Esta não é a primeira vez que o Louvre enfrenta paralisações. Em junho deste ano, os trabalhadores já haviam protestado contra a superlotação, um problema que se agrava com o aumento contínuo de visitantes, enquanto o quadro de pessoal não acompanha a demanda. Conforme informação divulgada pelo G1, a situação atual reflete um descontentamento crescente entre os colaboradores. Visitantes formam fila em frente ao museu, na esperança de uma resolução rápida.
Greve Expõe Falhas Críticas de Segurança e Deterioração no Louvre
A atual greve no Louvre ganha contornos ainda mais sérios ao ocorrer em um contexto de recentes incidentes preocupantes. Em outubro, um espetacular roubo de joias chocou o mundo e levantou sérias questões sobre a segurança do museu. Pouco tempo depois, um vazamento de água causou danos a quase 400 livros raros, expondo falhas de infraestrutura e o estado de deterioração de partes do acervo e das instalações.
Esses eventos recentes serviram como um alerta para as fragilidades internas do museu, que é o mais visitado do mundo. O sindicato CFDT, através de seu secretário-geral do setor de cultura, Alexis Fritche, descreveu a situação como um “desafio de obstáculos” para os visitantes e um reflexo da pressão sobre os funcionários. A paralisação busca pressionar por mudanças concretas.

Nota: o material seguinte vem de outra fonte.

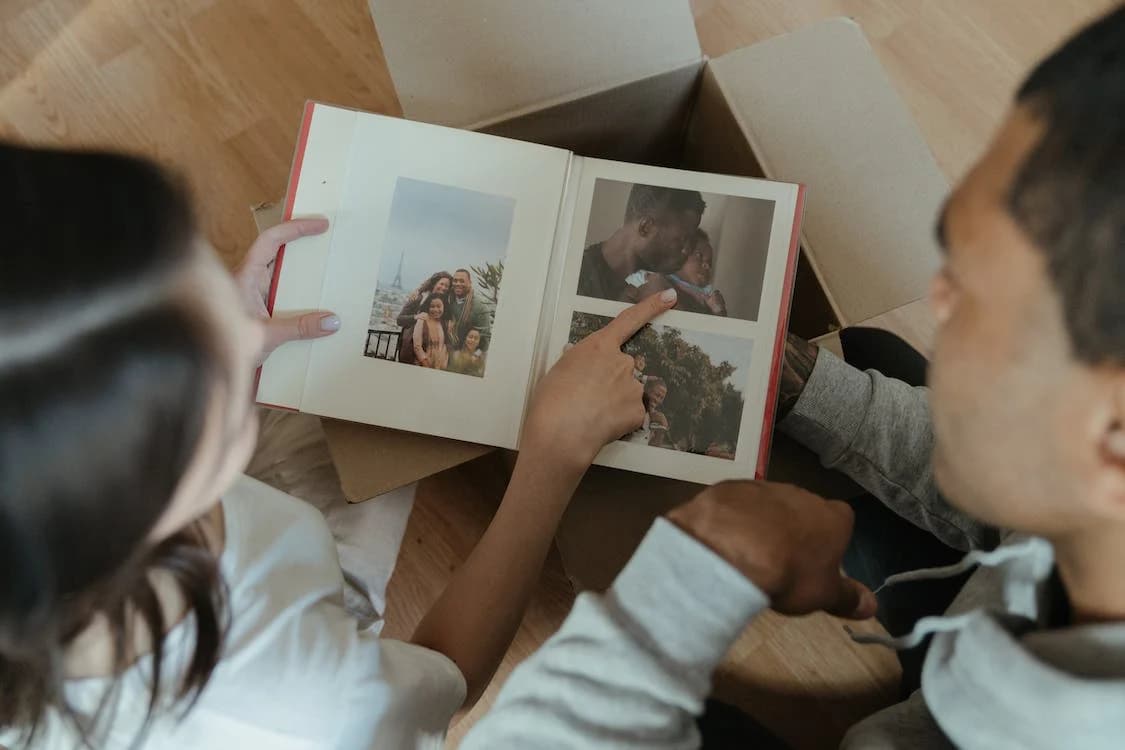 A couple looking at the photo album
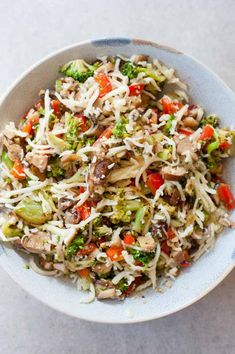 a white bowl filled with broccoli, carrots and sprouts covered in shredded cheese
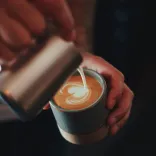Barista pouring milk into a cup of coffee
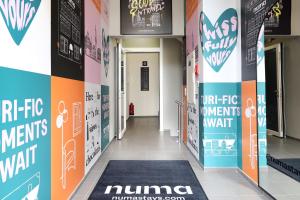 a hallway in a hospital with a rug on the floor at numa I Turi Apartments in Zürich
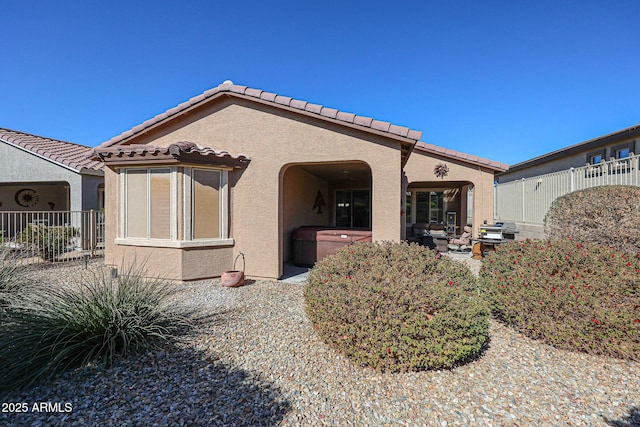 rear view of property featuring a patio area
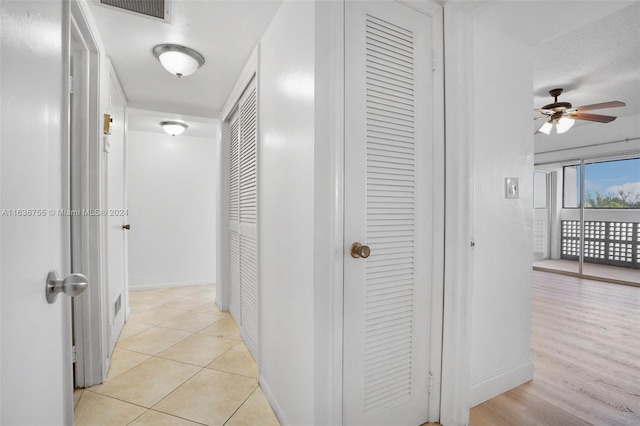 hall featuring light wood-type flooring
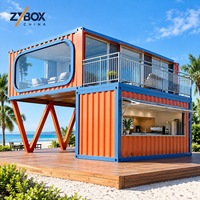 Kiosque de plage modulaire mobile à deux étages en conteneur, prêt à l'emploi, avec murs en verre, pour café, snack-bar, idéal pour les complexes hôteliers et les zones balnéaires.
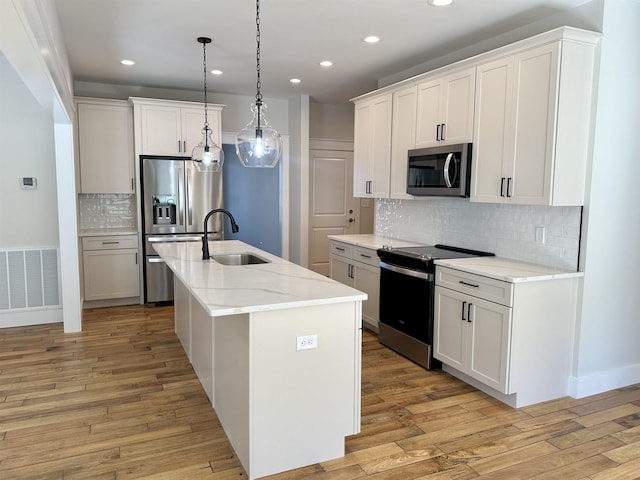 kitchen with appliances with stainless steel finishes, white cabinetry, a center island with sink, decorative light fixtures, and light wood-type flooring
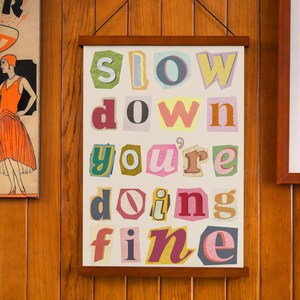 May include: A white framed poster with the words "slow down you're doing fine" in colorful, cut-out letters.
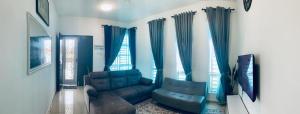 a living room with blue curtains and a couch at Fnaa Tg Bidara Malacca Guest House - 3BR Fully Aircond in Masjid Tanah +11 photos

Negociações com Governo Não Aliviaram Todas as Preocupações
A greve atual ocorre após semanas de negociações entre os representantes dos trabalhadores e autoridades governamentais, incluindo a ministra da Cultura, Rachida Dati. No entanto, líderes sindicais afirmaram que as conversas, embora importantes, não foram suficientes para sanar todas as preocupações relacionadas ao quadro de funcionários e ao financiamento do Louvre. A falta de acordos satisfatórios levou à continuidade do protesto.
No site oficial do museu, um aviso informa aos visitantes sobre a possibilidade de atrasos na abertura e fechamento de salas. “Devido a greves, o museu poderá abrir mais tarde e algumas salas de exposição poderão permanecer fechadas. Pedimos desculpas pelo inconveniente”, declara a nota. A expectativa agora é pela decisão dos funcionários sobre a prorrogação da greve, que impacta diretamente a experiência de milhares de turistas que visitam o Louvre anualmente.
Histórico de Protestos e Demandas por Melhorias no Museu
A luta por melhores condições de trabalho no Louvre não é recente. Como mencionado, em junho deste ano, os funcionários já haviam realizado uma greve focada na questão da superlotação e na necessidade de aumentar o pessoal para lidar com o fluxo crescente de visitantes. A demanda por um quadro de funcionários mais robusto e salários compatíveis com a importância e o porte do museu é uma constante.
A avaliação da prorrogação da greve nesta quarta-feira demonstra a persistência das reivindicações e a insatisfação com as respostas obtidas até o momento. A situação do Louvre, um dos maiores símbolos culturais da França, reflete desafios enfrentados por outras instituições culturais ao redor do mundo, que buscam equilibrar a preservação do patrimônio com as necessidades e direitos de seus trabalhadores.